• Directions for this task
Your copy should hold only the lines from the one with "BIOCHIMIE期刊现任主编" to the one with "Grygoriï Gladysh, dans", both included, each exactly as it stands below, with no pictures.

• Listed entries
· · · · · · ·

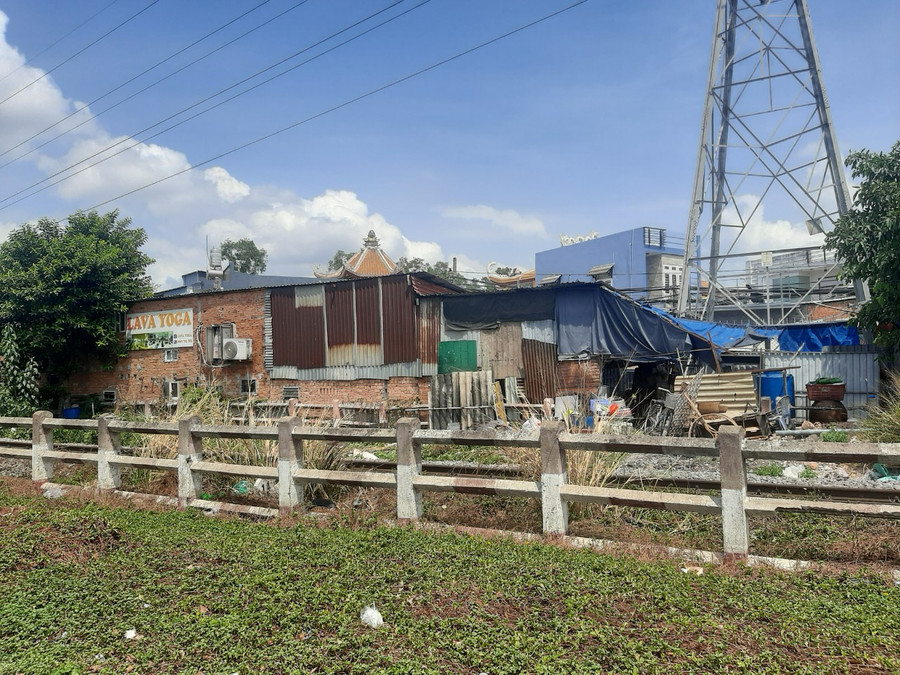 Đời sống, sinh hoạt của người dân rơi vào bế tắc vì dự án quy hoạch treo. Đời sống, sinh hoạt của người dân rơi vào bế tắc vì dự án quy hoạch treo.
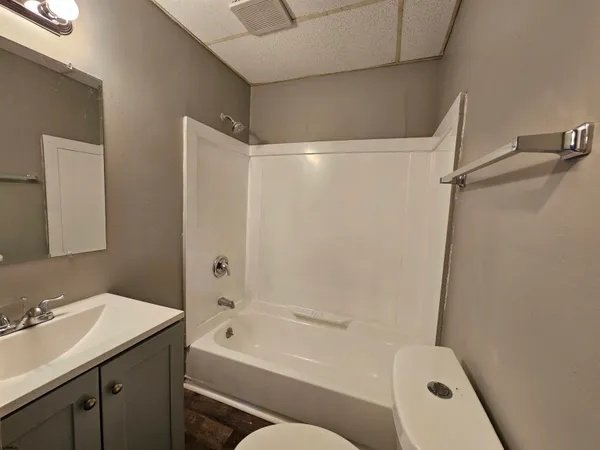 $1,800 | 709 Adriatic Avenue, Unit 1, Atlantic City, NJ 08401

· · · · · · ·

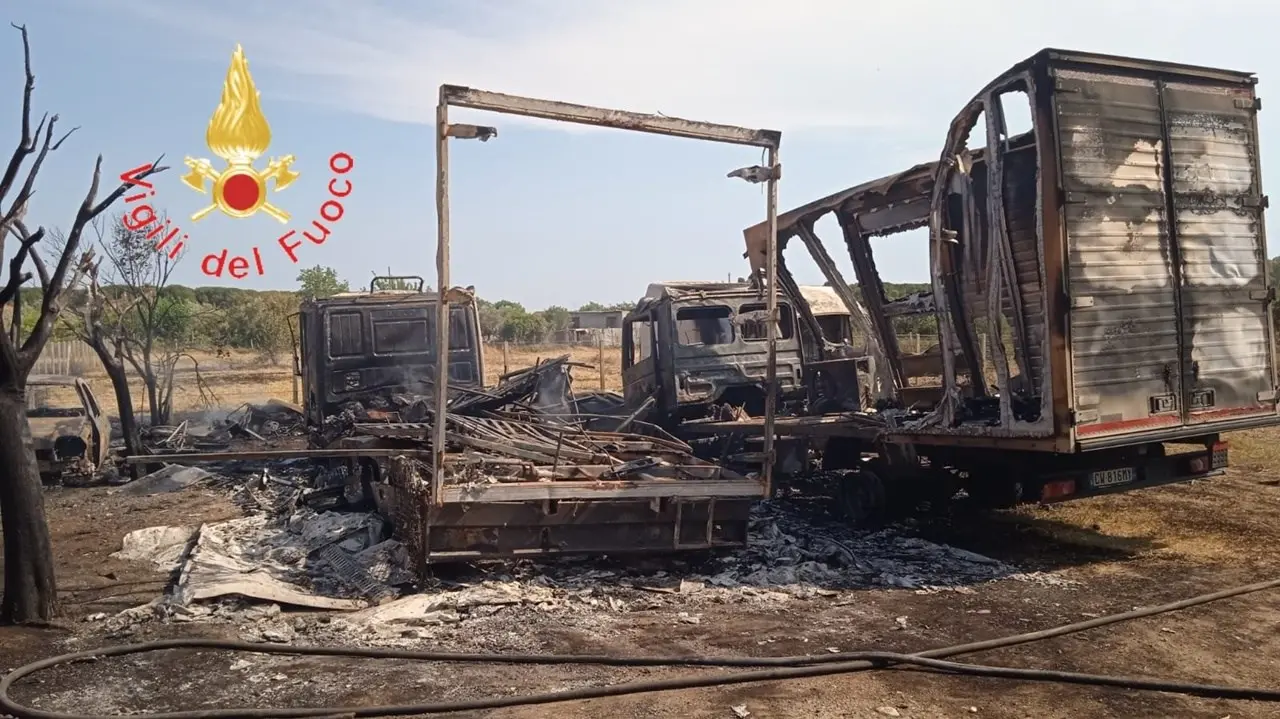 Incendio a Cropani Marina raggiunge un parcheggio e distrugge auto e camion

· · · · · · ·

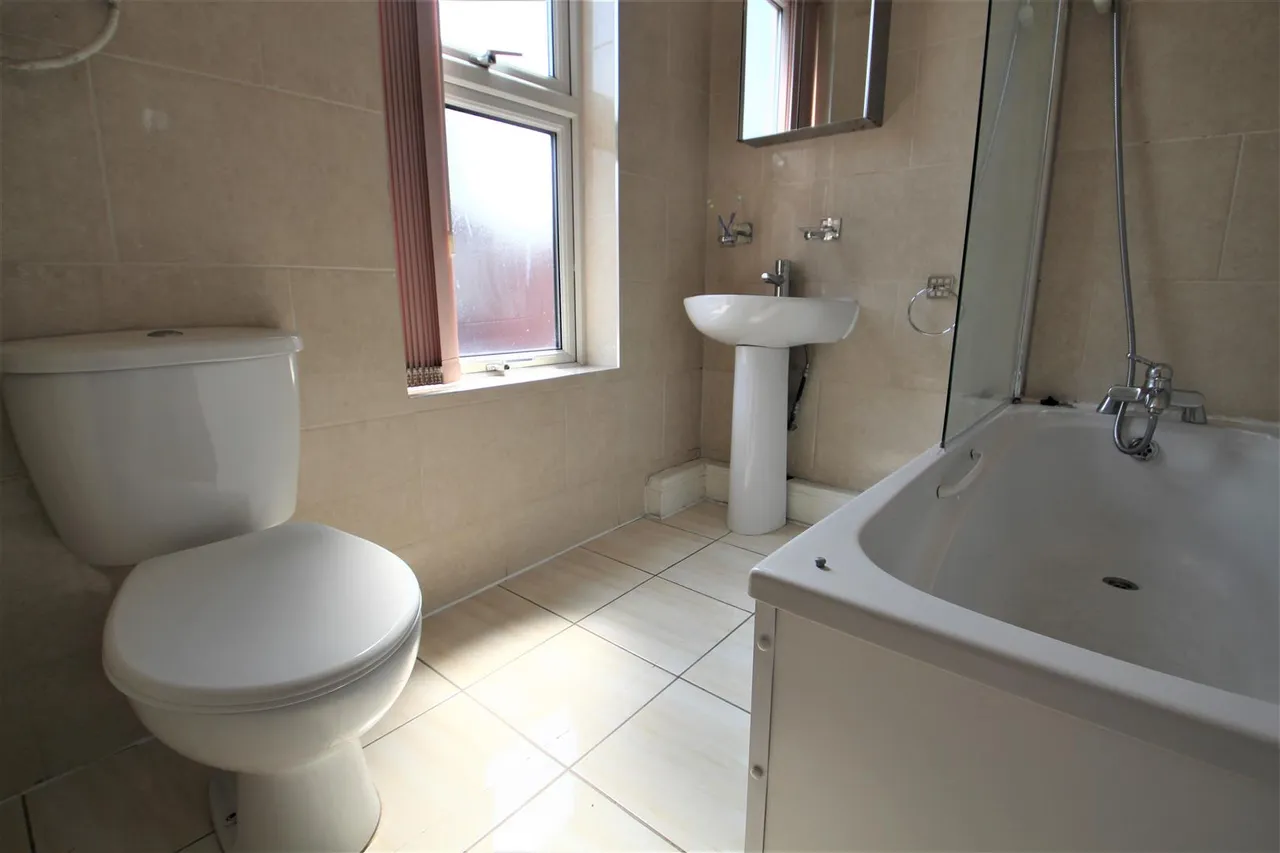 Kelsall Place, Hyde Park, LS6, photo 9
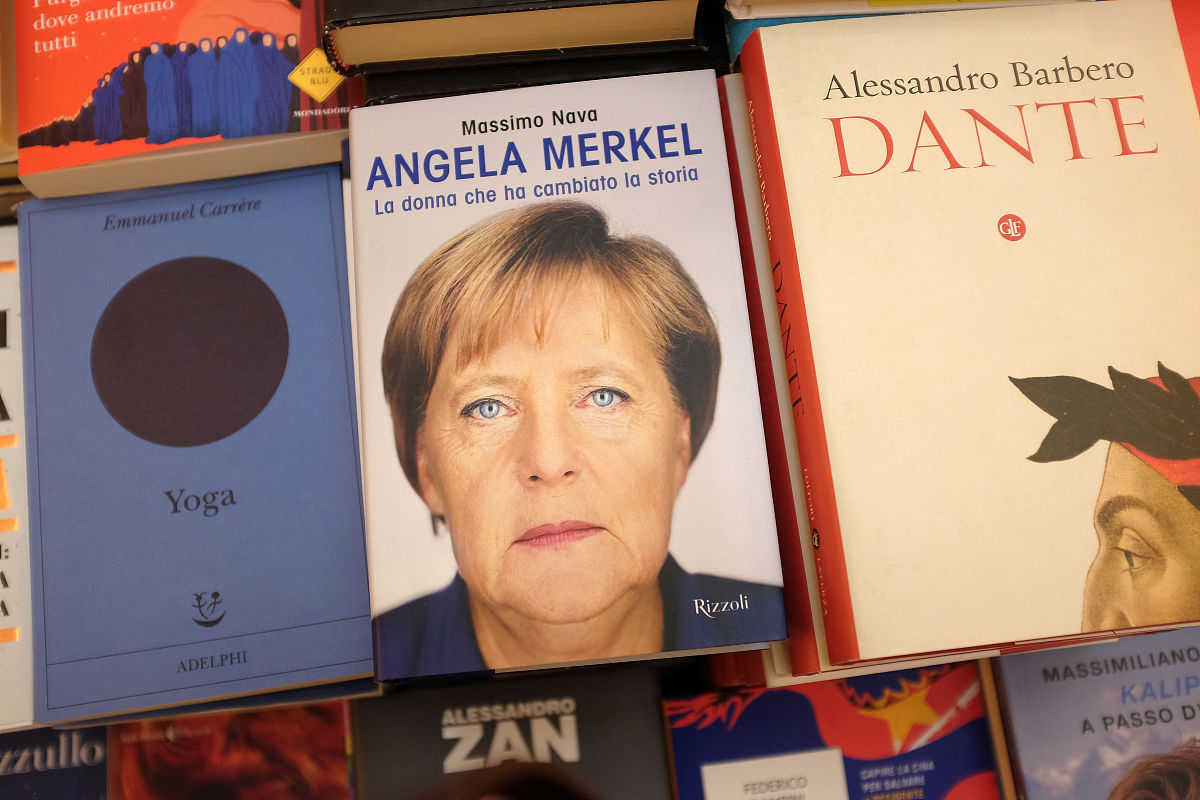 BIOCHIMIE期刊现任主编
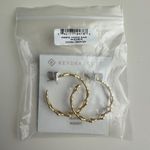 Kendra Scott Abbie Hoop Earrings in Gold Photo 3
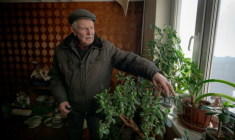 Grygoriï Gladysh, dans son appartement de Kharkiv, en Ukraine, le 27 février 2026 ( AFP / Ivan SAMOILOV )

· · · · · · ·

• Answer box
 BIOCHIMIE期刊现任主编
 Kendra Scott Abbie Hoop Earrings in Gold Photo 3
 Grygoriï Gladysh, dans son appartement de Kharkiv, en Ukraine, le 27 février 2026 ( AFP / Ivan SAMOILOV )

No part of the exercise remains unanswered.